##### Source information

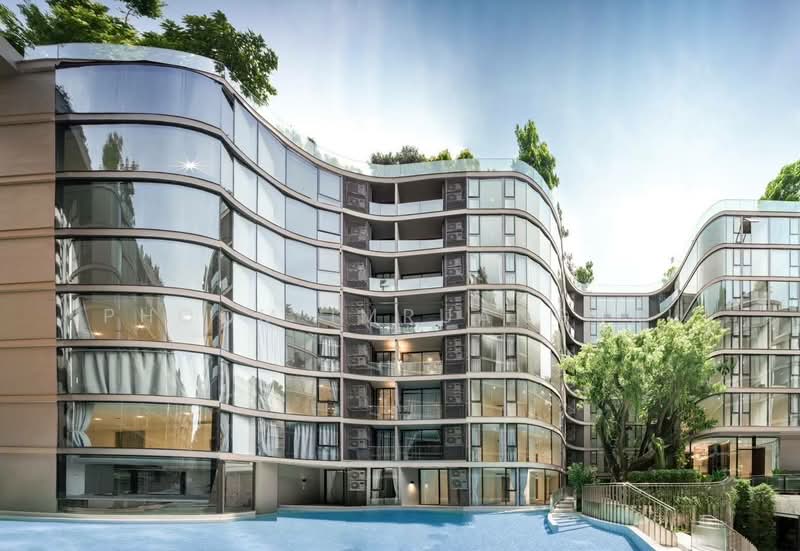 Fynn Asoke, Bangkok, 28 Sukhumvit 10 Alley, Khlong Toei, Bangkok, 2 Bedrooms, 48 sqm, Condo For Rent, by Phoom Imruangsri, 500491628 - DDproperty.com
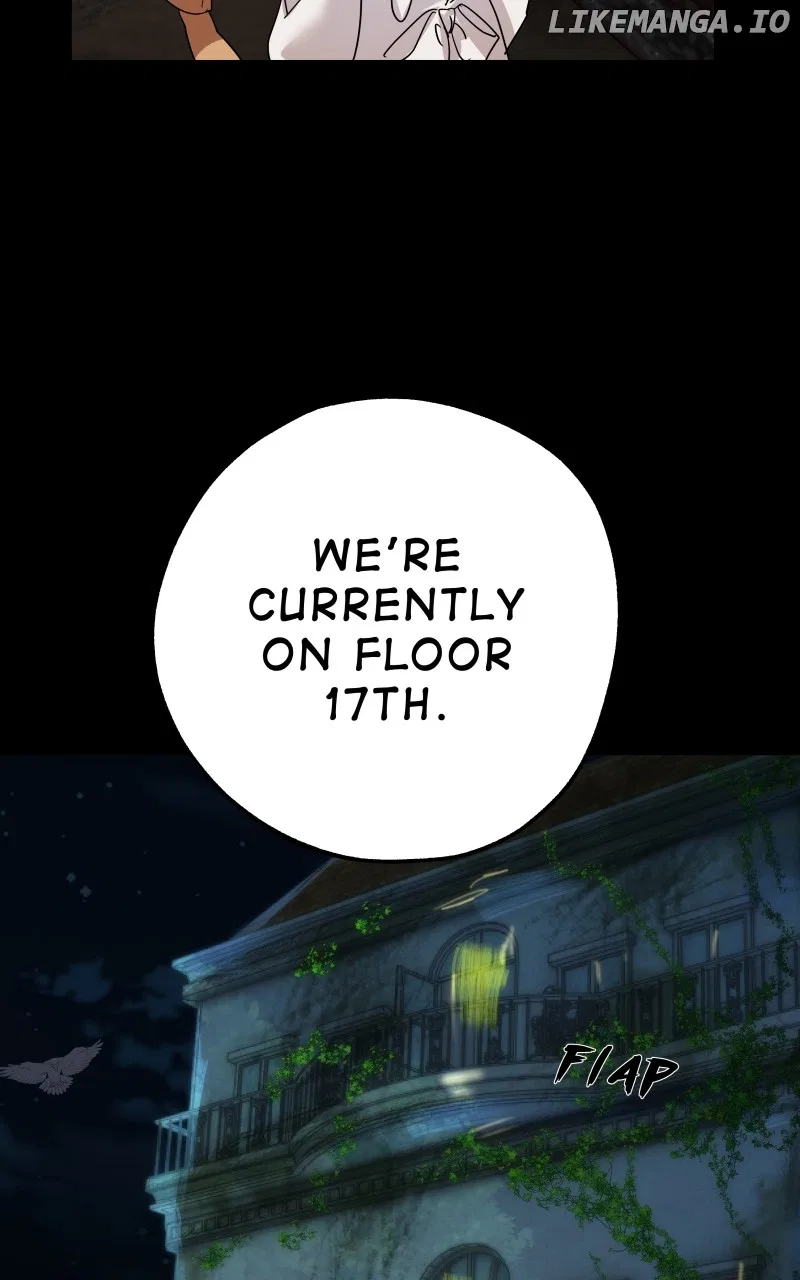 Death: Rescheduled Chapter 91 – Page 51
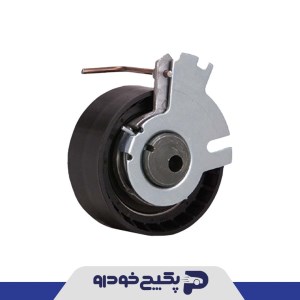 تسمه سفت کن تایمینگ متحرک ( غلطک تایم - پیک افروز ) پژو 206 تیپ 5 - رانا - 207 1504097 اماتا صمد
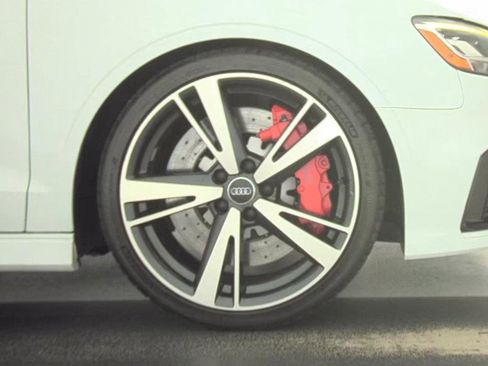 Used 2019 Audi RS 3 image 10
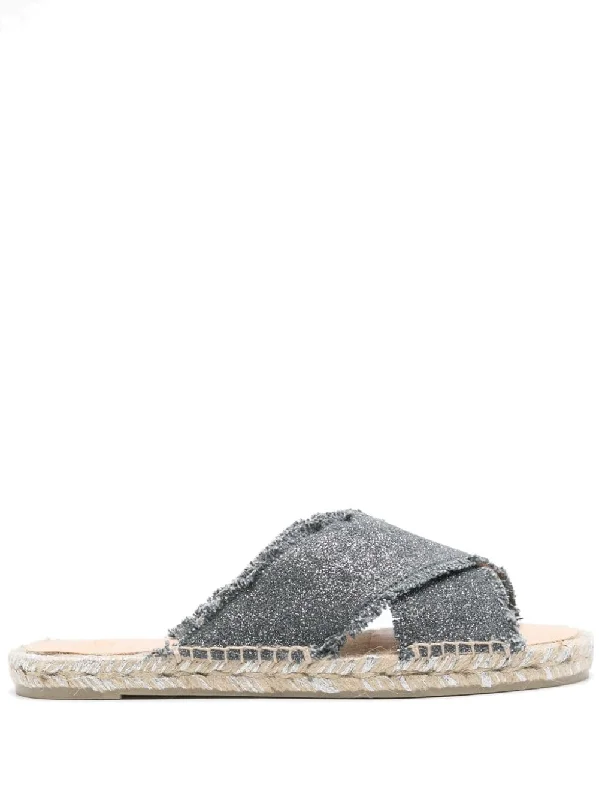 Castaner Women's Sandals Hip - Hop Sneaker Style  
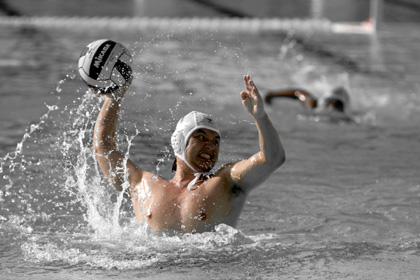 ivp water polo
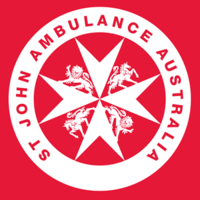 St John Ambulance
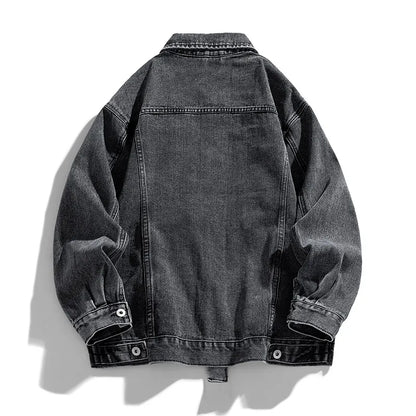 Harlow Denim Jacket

##########

Work instructions: Only the lines from the one containing "Death: Rescheduled Chapter 91 – Page 51" through the last line of the material should be returned, exactly and without pictures.

Answer box:
 Death: Rescheduled Chapter 91 – Page 51
 تسمه سفت کن تایمینگ متحرک ( غلطک تایم - پیک افروز ) پژو 206 تیپ 5 - رانا - 207 1504097 اماتا صمد
 Used 2019 Audi RS 3 image 10
 Castaner Women's Sandals Hip - Hop Sneaker Style  
 ivp water polo
 St John Ambulance
 Harlow Denim Jacket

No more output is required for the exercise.